The other day, when the construction-fence door was open, we saw a bulldozer in a hole behind 70 Willow St. Is the rear yard being prepped for the swimming pool the Housers reportedly plan to build?

* Arthur Miller lived at 155 Willow St., a Federal-style red-brick house built in the 1820s. He moved out when he left his first wife for Marilyn Monroe.

The queen of Brooklyn Heights

Third, there are many other eye-catching Willow Street properties. For instance:

* The clapboard Federal-style house at 24 Middagh St., which is on a Willow Street corner, may have been built in the 1790s, Robert Furman writes in his book “Brooklyn Heights: The Rise, Fall and Rebirth of America’s First Suburb.”

The house is sometimes called “the queen of Brooklyn Heights.”

* Cher’s character in “Moonstruck,” the movie for which she won an Oscar, lived in the 1830s-vintage house at 19 Cranberry St., which is on the corner of Willow Street.

* A lovely 1820s-vintage Federal-style house on the corner of Orange Street, 57 Willow St., is painted a beautiful shade of buttery yellow. It will soothe your eyes after you’ve stared at Truman Capote’s scaffolding-covered, no-longer-yellow house.

*  Striped window awnings add an extra dose of charm to the brownstone at 75 Willow St.

* A spectacular former hotel built in the 1920s, The Towers, occupies a stretch of Willow Street from Pineapple to Clark streets. The Jehovah’s Witnesses, who have owned this property at 21 Clark St. for four decades, have put it up for sale.

* Mirror, mirror on the wall, who’s the fairest of them all?

The beautiful blue-painted shingle house at 104 Willow St., which sold for $10.625 million in 2014? This Federal-style home was built in 1826, in case you’re wondering.

Or on the opposite side of the street, also-beautiful 113 Willow St., which was built in 1829?

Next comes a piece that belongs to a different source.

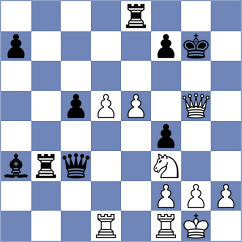 Bazeev - Perez Rodriguez (chess.com INT, 2023)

It’s clad in mahogany planks painted gray-blue, which are replicas of the clapboard that originally covered the house. Before a recent renovation, 113 Willow St. was covered with unsightly asphalt shingles for at least a half-century, which prompted us to nickname it the “Asphalt Jungle” house.

* There’s a patch of sylvan greenery that runs alongside a handsome carriage house at 151 Willow St. The green oasis is situated on land that long, long ago was an extension of a sweet little street called Love Lane.

The greenspace is protected from development by the thoughtful actions of two of the heroes of New York City landmarking, Otis and Nancy Pearsall.  

In 1977, the couple, whose house is just down the block, purchased the carriage house and the vacant land. And they drew up “preservation easements” that forbid the construction of new buildings or changes to the landscaping without the approval of the New York Landmarks Conservancy.       

Which way to Colonnade Row?

Enough about Willow Street. Fourth, there are numerous historic homes — and a former church — to see on the other side of the neighborhood, on Willow Place. For instance:

* Gothic Revival-style duplexes at 2-8 Willow Place, built around 1847, have front doors with porches framed by colonnettes. Their upstairs windows are decorated with distinctive chevron patterns.

* The 1850s-vintage red-brick rowhouse at 11 Willow Place has wonderful floral wreaths on its front door plus great stoop planters and window boxes.

* The almost-matching brick rowhouses at 23 and 25 Willow Place have eye-catching arched windowsills. These homes were built in 1854.

* Remember John Ruskin, the 19th-Century English art and architecture critic? A former 1870s-vintage Unitarian church at 26 Willow Place was designed in Ruskinian Gothic style. Willow Place Chapel is now the Alfred T. White Community Center, which the Heights Players and other organizations use.

* Greek Revival-style houses at 43-49 Willow Place are known as Colonnade Row because they share a single portico with tall columns. These homes were built in 1846 through 1848.